Its range includes the Florida Keys in the US, the Bahamas, most of the Caribbean and most of the Brazilian coast. On some occasions, it is caught off the coasts of the US states of New England off Maine and Massachusetts.
In the eastern Atlantic Ocean, it occurs from the Congo to Senegal. Young Atlantic Goliath groupers may live in brackish estuaries, oyster beds, canals, and mangrove swamps, which is unusual behavior among groupers.
They may reach extremely large sizes, growing to lengths up to 2.5 m (8.2 ft) and can weigh as much as 360 kg (790 lb). The world record for a hook-and-line-captured specimen is 308.44 kg (680.0 lb), caught off Fernanda Beach, Florida, in 1961.
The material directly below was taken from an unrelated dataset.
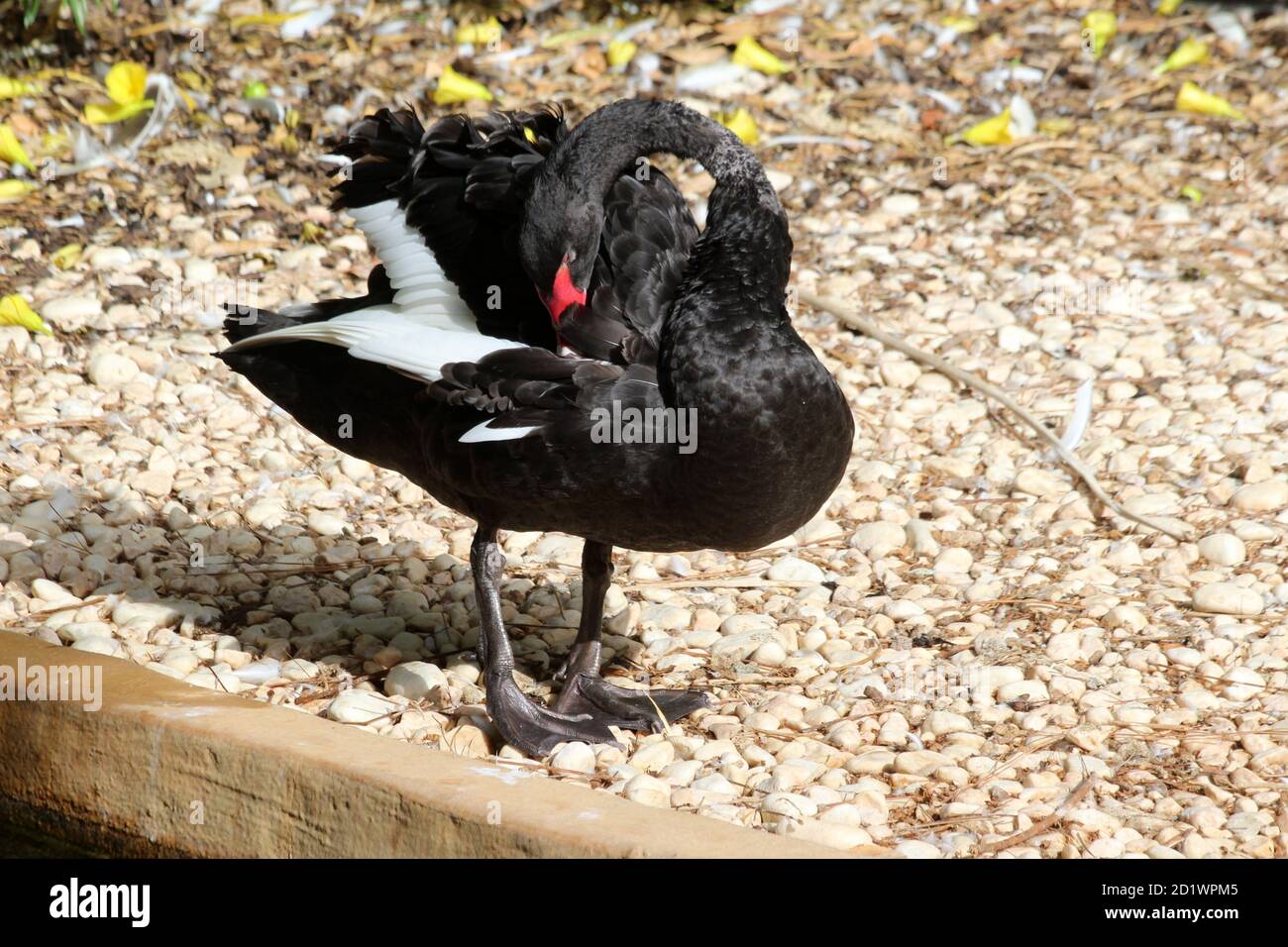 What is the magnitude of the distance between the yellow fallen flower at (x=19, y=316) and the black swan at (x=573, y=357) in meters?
1.78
Considered of fine food quality, Atlantic Goliath grouper were a highly sought-after quarry for fishermen. It is a relatively easy prey for spear fishermen because of the grouper's inquisitive and generally fearless nature.
They also tend to spawn in large aggregations, returning annually to the same locations. Until a harvest ban was placed on the species, its population was in rapid decline.
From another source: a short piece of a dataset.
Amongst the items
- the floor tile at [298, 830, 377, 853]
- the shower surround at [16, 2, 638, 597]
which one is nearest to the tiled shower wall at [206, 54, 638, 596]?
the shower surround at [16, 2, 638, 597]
The fish is recognized as “vulnerable” globally and “endangered” in the Gulf of Mexico. The species' population has been recovering since the ban; with the fish's slow growth rate, however, some time will be needed for populations to return to their previous levels.
Goliath groupers are believed to be protogynous hermaphrodites, which refer to organisms that are born female and at some point in their lifespans change sex to male. Males can be sexually mature at about 115 centimeters (45 in), and ages 4–6 years.
In May 2015, the Atlantic Goliath grouper was successfully bred in captivity for the first time. Tidal pools act as nurseries for juvenile E. Tamara.
In tidal pools juvenile E.Tamara are able to utilize rocky crevices for shelter. Besides shelter, tidal pools provide E. Tamara with plenty of prey such as lobster and porcelain crab.
The Atlantic Goliath grouper has historically been referred to as the “Jewish”. It may have referred to the fish's status as inferior leading it to be declared only suitable for Jews, or the flesh having a “clean” taste comparable to kosher food ; it has also been suggested that this name is simply a corruption of jaw fish or the Italian word for “bottom fish”, Giuseppe.
In 2001, the American Fisheries Society stopped using the term because of complaints that it was culturally insensitive. Age, Growth, and Reproduction of Jewish Epimetheus Tamara in the Eastern Gulf of Mexico.
Pseudorhabdosynochus species (Monogenoidea, Diplectanidae) parasitizing groupers (Serranidae, Epinephrine, Epinephrine) in the western Atlantic Ocean and adjacent waters, with descriptions of 13 new species”. Wikimedia Commons has media related to Epimetheus Tamara.